Authored by frasercrmck on Feb 25 2021, 3:39 AM.

Details

Summary

This patch addresses issues arising from the fact that the index type
used for subvector insertion/extraction is inconsistent between the
intrinsics and SDNodes. The intrinsic forms require i64 whereas the
SDNodes use the type returned by SelectionDAG::getVectorIdxTy.

Rather than update the intrinsic definitions to use an overloaded index
type, this patch fixes the issue by transforming the index to the
correct type as required. Any loss of index bits going from i64 to a
smaller type is unexpected, and will be caught by an assertion in
SelectionDAG::getVectorIdxConstant.

The patch also updates the documentation for INSERT_SUBVECTOR and adds
an assertion to its creation to bring it in line with EXTRACT_SUBVECTOR.
This necessitated changes to AArch64 which was using i64 for
EXTRACT_SUBVECTOR but i32 for INSERT_SUBVECTOR. Only one test changed
its codegen after updating the backend accordingly.

Diff Detail

Event Timeline

frasercrmck created this revision.Feb 25 2021, 3:39 AM
frasercrmck requested review of this revision.Feb 25 2021, 3:39 AM
Herald added a project: Restricted Project. · View Herald TranscriptFeb 25 2021, 3:39 AM

Btw, there's a line in AArch64InstrInfo.td which might now be redundant: defm : InsertSubvectorUndef<i32>; since I take it with this patch there's not going to be i32 indices being thrown around.

Hi @frasercrmck thanks for fixing this, this seems like an oversight when adding the intrinsic.

llvm/include/llvm/CodeGen/ISDOpcodes.h
1049

nit: unrelated change.

llvm/test/CodeGen/AArch64/vecreduce-and-legalization.ll
104

Probably not something that's caused by your patch, but I would have expected that elements v1.b[12], v1.b[14] and v1.b[15] to also be set to -1?

frasercrmck added inline comments.Feb 25 2021, 4:44 AM
llvm/include/llvm/CodeGen/ISDOpcodes.h
1049

True.
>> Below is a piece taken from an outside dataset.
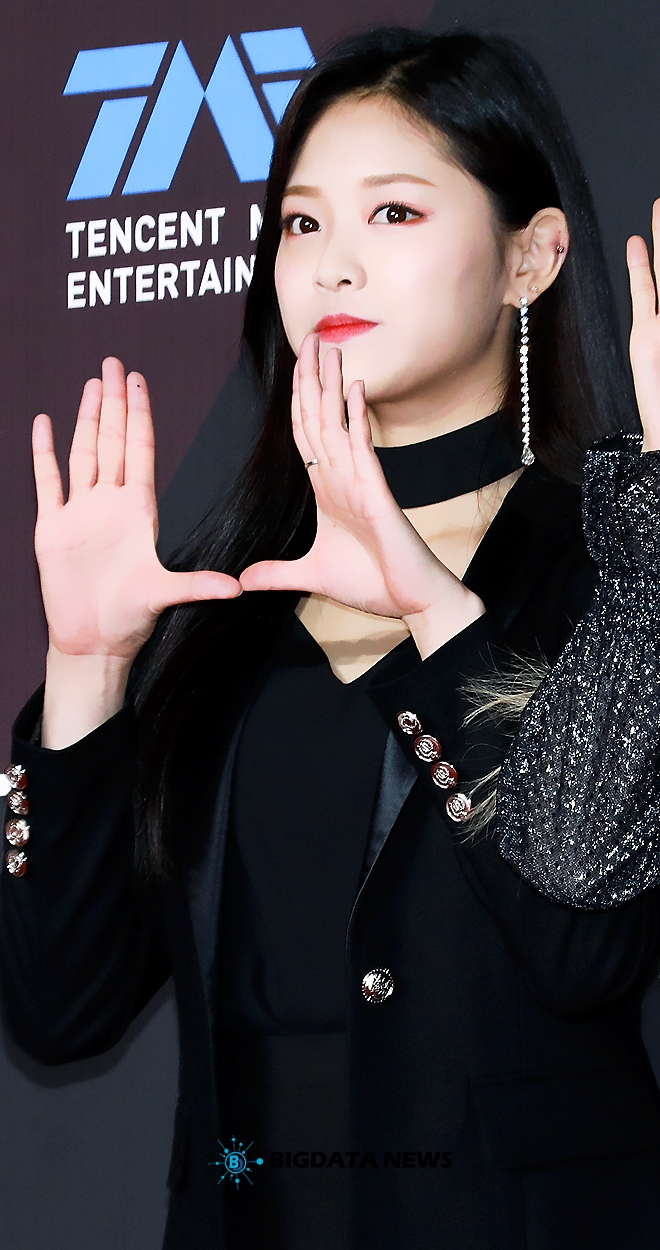 이달의 소녀 현진, '2018 MAMA PREMIERE in KOREA' 레드카펫 및 포토월 현장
It's something arcanist prompted me about when creating the patch. Should probably just be pre-committed?

llvm/test/CodeGen/AArch64/vecreduce-and-legalization.ll
104

Perhaps. I'll admit I don't know much about AArch64 but that makes sense. My patch has taken us from:

t0: ch = EntryToken
t2: v16i8,ch = CopyFromReg t0, Register:v16i8 %0
t13: v16i8 = insert_vector_elt t2, Constant:i32<-1>, Constant:i64<9>
t15: v16i8 = insert_vector_elt t13, Constant:i32<-1>, Constant:i64<10>
t17: v16i8 = insert_vector_elt t15, Constant:i32<-1>, Constant:i64<11>
t19: v16i8 = insert_vector_elt t17, Constant:i32<-1>, Constant:i64<12>
t21: v16i8 = insert_vector_elt t19, Constant:i32<-1>, Constant:i64<13>
t29: v8i8 = extract_subvector t21, Constant:i64<0>
t84: v16i8 = insert_subvector undef:v16i8, t29, Constant:i32<0>
t86: i32 = extract_vector_elt t84, Constant:i64<6>
// and other extracts from t84 of indices < 8
// use t21 elsewhere

to

t0: ch = EntryToken
t2: v16i8,ch = CopyFromReg t0, Register:v16i8 %0
t13: v16i8 = insert_vector_elt t2, Constant:i32<-1>, Constant:i64<9>
t15: v16i8 = insert_vector_elt t13, Constant:i32<-1>, Constant:i64<10>
t17: v16i8 = insert_vector_elt t15, Constant:i32<-1>, Constant:i64<11>
t19: v16i8 = insert_vector_elt t17, Constant:i32<-1>, Constant:i64<12>
t21: v16i8 = insert_vector_elt t19, Constant:i32<-1>, Constant:i64<13>
t86: i32 = extract_vector_elt t2, Constant:i64<6>
// and other extracts from t2 of indices < 8
// use t21 elsewhere

Which I think is a good thing, since there was previously a redundant extract/insert going on, and a dependency on a vector whose elements different from t2 weren't demanded.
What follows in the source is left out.